Suprema Corte di Cassazione
sezione I
Sentenza del 4 settembre 2012, n. 14775
Svolgimento del processo
C.N. , con atto di citazione notificato il 28 dicembre 1994, impugnava la delibera del Cda della Cooperativa S. s.c.a.r.l. che lo aveva escluso dalla compagine societaria in relazione alle cariche assunte presso la Cooperativa L. F. Rilevava di aver assunto esclusivamente la carica di sindaco supplente da cui peraltro si era dimesso.
S. s.c.a.r.l. si costituiva eccependo l’improponibilità della domanda in relazione all’esistenza di una clausola arbitrale statutaria.

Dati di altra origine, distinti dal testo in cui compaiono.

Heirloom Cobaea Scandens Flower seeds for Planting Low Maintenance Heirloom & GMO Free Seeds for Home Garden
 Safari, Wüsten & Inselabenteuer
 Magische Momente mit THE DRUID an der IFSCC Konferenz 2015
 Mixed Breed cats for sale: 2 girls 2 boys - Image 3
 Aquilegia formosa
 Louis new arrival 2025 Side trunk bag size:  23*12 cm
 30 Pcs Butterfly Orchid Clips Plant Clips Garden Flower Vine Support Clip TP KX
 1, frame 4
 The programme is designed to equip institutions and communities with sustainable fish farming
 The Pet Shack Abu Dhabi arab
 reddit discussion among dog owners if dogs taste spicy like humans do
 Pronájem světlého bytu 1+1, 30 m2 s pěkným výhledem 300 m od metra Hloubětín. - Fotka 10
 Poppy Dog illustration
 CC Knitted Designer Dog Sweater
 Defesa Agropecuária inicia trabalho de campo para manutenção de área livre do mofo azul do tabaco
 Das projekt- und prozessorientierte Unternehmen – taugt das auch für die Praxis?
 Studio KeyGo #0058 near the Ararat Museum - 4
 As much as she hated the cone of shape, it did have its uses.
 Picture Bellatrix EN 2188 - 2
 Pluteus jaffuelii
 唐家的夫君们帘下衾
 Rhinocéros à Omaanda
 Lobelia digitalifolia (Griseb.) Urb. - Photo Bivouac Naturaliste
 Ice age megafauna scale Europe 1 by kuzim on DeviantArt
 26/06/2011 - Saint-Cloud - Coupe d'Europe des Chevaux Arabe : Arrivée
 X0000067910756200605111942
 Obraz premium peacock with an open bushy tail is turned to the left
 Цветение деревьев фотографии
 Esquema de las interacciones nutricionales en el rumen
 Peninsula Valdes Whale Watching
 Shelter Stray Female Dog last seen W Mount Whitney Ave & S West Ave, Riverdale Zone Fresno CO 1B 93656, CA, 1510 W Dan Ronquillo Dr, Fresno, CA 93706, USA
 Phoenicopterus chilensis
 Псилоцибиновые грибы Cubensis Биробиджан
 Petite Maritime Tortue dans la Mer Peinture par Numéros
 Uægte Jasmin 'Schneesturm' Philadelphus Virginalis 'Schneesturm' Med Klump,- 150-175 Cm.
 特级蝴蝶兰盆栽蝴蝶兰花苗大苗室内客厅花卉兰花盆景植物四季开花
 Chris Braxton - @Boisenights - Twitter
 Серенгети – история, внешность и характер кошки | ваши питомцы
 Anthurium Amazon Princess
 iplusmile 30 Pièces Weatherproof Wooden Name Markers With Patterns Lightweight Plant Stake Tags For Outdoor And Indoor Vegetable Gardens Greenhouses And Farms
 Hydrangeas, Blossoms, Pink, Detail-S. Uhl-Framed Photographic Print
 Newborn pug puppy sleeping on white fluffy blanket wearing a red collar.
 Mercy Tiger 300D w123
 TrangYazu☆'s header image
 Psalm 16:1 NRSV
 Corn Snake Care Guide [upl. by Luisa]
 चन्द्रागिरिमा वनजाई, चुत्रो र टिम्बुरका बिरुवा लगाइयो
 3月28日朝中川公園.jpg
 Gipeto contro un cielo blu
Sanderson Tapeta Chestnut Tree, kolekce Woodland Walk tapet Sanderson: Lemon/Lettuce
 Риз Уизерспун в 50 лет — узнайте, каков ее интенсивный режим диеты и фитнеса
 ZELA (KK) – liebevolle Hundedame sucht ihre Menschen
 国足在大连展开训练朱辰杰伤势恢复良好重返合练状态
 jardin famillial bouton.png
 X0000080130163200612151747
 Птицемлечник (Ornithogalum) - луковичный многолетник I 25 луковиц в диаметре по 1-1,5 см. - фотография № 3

Nel merito rilevava che lo statuto prevedeva l’esclusione dei soci che contravvenivano al divieto di assumere interessenze dirette o indirette in imprese identiche o affini, di svolgere attività contrarie agli interessi sociali o attività concorrenziali. Il Tribunale di Venezia, con sentenza n. 564/1998 del 25 settembre 1997, annullava la delibera di esclusione e condannava la S. s.c.a.r.l. a reintegrare il socio escluso. Riteneva inoperante la clausola arbitrale e non incompatibile con lo statuto l’assunzione in altra società della carica di sindaco supplente.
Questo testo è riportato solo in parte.